YOUR INSTRUCTIONS
Every line of the listing below from the one with "Patients with pheochromocytoma" up to and including the one with "RNA sequencing has" should be retyped exactly, and nothing else; pictures are not part of the copy.

DATA EXCERPTS
==*==

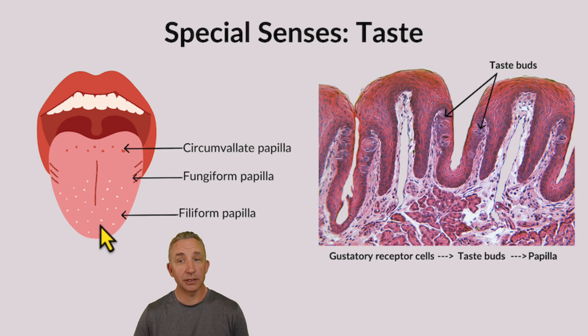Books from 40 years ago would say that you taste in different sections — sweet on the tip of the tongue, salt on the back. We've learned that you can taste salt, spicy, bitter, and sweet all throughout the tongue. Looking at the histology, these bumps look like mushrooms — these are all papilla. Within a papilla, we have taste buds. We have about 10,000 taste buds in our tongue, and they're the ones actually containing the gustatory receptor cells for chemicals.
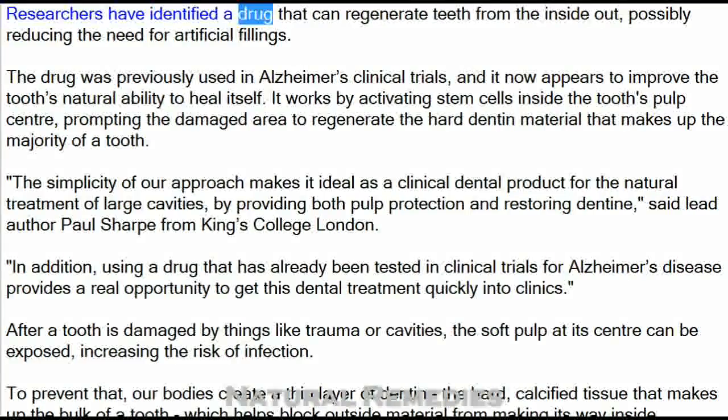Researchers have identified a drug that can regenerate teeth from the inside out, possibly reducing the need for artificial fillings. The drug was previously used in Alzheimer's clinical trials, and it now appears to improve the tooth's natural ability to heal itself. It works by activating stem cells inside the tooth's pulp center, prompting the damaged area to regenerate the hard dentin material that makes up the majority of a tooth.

==*==

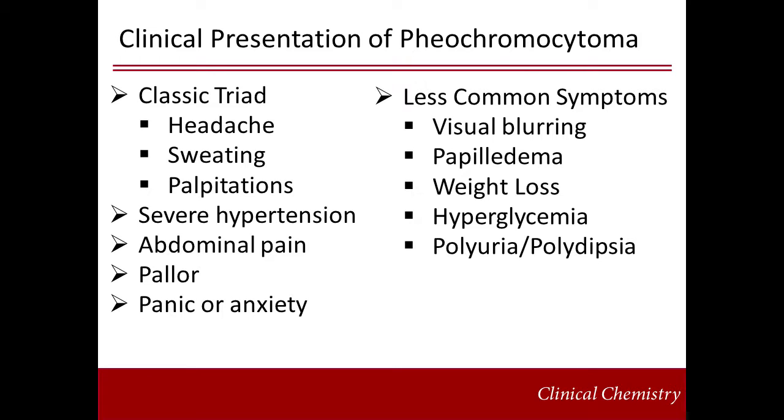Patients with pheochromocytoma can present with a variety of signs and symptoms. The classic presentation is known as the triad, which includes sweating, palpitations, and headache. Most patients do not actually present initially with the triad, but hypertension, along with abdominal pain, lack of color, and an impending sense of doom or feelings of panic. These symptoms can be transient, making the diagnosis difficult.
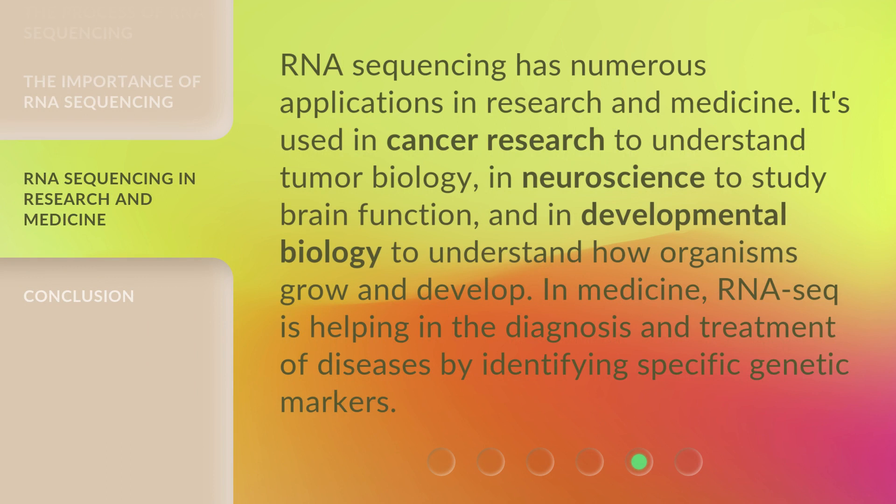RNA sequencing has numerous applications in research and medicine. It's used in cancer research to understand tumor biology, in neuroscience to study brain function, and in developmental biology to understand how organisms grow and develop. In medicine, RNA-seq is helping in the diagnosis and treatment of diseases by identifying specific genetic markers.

==*==

OUTPUT BELOW
Patients with pheochromocytoma can present with a variety of signs and symptoms. The classic presentation is known as the triad, which includes sweating, palpitations, and headache. Most patients do not actually present initially with the triad, but hypertension, along with abdominal pain, lack of color, and an impending sense of doom or feelings of panic. These symptoms can be transient, making the diagnosis difficult.
RNA sequencing has numerous applications in research and medicine. It's used in cancer research to understand tumor biology, in neuroscience to study brain function, and in developmental biology to understand how organisms grow and develop. In medicine, RNA-seq is helping in the diagnosis and treatment of diseases by identifying specific genetic markers.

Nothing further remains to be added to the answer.